The issue here is that for b) parallel processing as common practice for UDFs is desired while it must be prevented for a), e.g. because I can’t add the same column multiple times to a table. On the external interfaces the solution should remain compatible to Hive connectors of SAS, SAP, R, Pentaho, i.e. it should still behave and be usable like Hive.
How would you recommend to achieve the execution of DB create/modify statements without running into errors from duplicate HQL commands due to parallel execution of the UDF?
My ideas:
-
1. Using a JDBC wrapper to take care of a) like described here and UDFs for b), Problem: Requires extra programming, (client/server side) installation and configuration: http://stackoverflow.com/questions/8293314/is-there-any-lightweight-jdbc-wrapper-with-these-features, https://www.redfin.com/blog/2011/03/boilerplate_jdbc_wrapper.html, http://www.javaworld.com/article/2074249/data-storage/create-your-own-type-3-jdbc-driver--part-1.html, http://jdbc.jcabi.com/
2. Hive with UDFs + Hooking into the Hive parser. Inside the hook the HQL would just be executed once: Problem: Quite complex and requires changing the Hive settings (maybe not acceptable): http://stackoverflow.com/questions/17461932/hive-execution-hook
3. Hive with macros. Problem: Seems to be not perfectly mature, restricted (mainly numbers?) and poorly documented.
4. Hive with UDFs + explicit combiner RESTful service + JDBC/Beeline/HCatalog as Hive command API. Problem: SPoF (Single Point of Failure).

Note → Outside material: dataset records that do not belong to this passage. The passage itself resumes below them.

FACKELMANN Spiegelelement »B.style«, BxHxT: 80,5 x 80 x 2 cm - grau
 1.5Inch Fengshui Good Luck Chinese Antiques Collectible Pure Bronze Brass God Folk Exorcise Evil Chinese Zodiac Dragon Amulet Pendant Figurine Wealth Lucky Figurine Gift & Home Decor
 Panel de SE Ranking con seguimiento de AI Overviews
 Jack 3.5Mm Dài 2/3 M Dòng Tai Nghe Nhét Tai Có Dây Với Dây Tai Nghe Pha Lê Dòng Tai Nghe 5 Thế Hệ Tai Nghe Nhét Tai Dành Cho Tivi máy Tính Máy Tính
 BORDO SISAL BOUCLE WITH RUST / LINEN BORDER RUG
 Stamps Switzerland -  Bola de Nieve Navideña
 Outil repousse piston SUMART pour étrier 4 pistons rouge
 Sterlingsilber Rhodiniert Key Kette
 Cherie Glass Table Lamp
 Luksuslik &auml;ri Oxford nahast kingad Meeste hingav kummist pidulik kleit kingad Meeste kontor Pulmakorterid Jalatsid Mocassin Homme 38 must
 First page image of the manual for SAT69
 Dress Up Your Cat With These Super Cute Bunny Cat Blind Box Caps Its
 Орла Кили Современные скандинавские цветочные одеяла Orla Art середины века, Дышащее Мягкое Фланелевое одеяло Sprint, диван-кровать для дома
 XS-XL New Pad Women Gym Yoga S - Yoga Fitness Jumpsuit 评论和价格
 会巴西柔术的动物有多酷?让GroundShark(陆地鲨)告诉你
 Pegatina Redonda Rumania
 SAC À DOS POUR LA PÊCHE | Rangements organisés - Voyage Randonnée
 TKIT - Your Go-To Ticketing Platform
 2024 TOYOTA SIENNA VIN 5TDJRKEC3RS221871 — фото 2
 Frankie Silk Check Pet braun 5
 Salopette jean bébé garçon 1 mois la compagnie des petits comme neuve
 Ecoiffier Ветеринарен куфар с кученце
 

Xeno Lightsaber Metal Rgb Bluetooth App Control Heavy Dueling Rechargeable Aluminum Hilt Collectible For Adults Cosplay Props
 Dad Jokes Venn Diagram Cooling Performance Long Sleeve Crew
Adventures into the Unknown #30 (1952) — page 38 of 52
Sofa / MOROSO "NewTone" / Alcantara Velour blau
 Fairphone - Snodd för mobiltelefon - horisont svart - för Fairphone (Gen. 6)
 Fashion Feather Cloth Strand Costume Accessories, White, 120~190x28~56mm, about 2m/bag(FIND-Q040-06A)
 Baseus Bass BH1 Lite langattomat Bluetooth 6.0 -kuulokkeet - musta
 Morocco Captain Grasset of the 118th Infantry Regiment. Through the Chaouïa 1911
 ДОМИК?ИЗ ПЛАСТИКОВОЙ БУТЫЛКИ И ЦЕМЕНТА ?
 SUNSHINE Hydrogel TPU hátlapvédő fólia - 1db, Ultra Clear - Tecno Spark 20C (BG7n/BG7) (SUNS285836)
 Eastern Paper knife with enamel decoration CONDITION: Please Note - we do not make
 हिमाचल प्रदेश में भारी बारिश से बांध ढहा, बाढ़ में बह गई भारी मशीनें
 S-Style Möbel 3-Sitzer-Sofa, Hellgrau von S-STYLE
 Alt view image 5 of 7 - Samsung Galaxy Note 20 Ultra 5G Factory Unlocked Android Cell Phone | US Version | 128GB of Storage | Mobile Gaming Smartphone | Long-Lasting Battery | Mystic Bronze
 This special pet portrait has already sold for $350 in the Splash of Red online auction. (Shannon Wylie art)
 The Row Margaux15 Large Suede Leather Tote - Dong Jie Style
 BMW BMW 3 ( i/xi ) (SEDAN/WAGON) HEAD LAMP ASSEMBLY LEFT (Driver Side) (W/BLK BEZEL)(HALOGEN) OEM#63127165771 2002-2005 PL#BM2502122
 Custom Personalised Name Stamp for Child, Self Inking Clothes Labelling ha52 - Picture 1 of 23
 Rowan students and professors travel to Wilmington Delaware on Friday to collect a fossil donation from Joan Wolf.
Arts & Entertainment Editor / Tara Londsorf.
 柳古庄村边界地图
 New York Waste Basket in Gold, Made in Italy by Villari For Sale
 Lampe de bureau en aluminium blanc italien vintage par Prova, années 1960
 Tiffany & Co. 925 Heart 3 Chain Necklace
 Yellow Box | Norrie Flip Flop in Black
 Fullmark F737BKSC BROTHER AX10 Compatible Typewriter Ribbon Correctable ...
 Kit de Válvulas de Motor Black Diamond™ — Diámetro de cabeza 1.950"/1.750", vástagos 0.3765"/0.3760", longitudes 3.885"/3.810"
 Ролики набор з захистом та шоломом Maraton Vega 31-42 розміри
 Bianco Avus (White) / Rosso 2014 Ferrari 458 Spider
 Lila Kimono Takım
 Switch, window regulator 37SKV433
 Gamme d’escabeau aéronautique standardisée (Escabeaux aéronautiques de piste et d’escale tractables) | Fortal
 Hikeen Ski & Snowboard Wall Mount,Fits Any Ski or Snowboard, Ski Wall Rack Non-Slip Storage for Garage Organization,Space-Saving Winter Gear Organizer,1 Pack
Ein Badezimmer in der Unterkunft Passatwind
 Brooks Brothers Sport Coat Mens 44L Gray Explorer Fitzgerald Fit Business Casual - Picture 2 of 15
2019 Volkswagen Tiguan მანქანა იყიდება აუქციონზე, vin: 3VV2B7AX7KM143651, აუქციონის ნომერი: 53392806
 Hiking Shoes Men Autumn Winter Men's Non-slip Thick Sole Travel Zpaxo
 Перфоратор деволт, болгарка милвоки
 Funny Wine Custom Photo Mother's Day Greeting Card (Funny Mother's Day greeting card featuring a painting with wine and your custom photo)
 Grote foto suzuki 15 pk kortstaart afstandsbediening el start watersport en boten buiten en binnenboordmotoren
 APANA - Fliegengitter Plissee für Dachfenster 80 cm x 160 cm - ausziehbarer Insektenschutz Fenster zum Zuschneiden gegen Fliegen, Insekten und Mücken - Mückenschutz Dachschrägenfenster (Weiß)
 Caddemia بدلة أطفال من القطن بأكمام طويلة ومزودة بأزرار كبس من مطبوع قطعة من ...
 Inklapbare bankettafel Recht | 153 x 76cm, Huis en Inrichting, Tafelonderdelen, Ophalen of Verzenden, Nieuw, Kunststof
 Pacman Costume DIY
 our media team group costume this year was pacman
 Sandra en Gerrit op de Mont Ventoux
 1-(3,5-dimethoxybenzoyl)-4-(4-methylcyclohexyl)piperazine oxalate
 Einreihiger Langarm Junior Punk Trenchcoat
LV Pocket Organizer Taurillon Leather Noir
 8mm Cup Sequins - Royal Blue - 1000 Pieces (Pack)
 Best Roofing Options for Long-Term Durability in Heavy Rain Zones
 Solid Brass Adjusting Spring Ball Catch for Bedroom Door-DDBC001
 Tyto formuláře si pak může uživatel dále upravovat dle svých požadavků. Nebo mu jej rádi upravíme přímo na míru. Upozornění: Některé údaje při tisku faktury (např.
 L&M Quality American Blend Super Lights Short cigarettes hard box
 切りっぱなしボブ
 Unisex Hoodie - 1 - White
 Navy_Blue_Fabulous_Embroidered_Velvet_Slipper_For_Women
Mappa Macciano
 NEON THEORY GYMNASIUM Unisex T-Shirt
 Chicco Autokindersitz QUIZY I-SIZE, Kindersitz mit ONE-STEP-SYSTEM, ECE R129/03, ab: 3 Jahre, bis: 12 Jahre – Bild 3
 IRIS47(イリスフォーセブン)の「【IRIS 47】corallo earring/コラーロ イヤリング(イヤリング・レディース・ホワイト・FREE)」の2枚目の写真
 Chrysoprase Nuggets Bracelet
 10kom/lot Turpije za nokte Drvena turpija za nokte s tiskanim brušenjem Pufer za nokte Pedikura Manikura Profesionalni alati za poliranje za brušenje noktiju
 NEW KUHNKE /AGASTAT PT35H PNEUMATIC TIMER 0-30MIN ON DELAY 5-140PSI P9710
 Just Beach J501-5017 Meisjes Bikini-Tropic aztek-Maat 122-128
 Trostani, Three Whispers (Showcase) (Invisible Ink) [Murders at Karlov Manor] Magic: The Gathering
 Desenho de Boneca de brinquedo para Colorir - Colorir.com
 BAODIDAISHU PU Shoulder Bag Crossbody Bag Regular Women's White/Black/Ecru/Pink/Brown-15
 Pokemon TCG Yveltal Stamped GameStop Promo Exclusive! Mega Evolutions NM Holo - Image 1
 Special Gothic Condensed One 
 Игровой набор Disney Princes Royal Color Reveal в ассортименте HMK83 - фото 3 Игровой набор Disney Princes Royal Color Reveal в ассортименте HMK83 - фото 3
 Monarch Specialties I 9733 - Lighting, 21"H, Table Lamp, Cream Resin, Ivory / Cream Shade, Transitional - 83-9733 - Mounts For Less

5. Hive with UDFs + Hive combiner based implementation. Problem: Impossible or very complex: http://stackoverflow.com/questions/10925840/partial-aggregation-vs-combiners-which-one-faster
6. Use an aggregate/combine approach like here described at the end for UDAFs: Problem: Not well documented, maybe not feasible: http://www.dataiku.com/blog/2013/05/01/a-complete-guide-to-writing-hive-udf.html
7. Derive from GenericUDAFEvaluator and implement merge to create the required SQL statements just once in a separate table. Some other mechanisms like a Hive macro could execute the commands that accumulate in this table. Problem: Complex implementation and the problems of Hive macros.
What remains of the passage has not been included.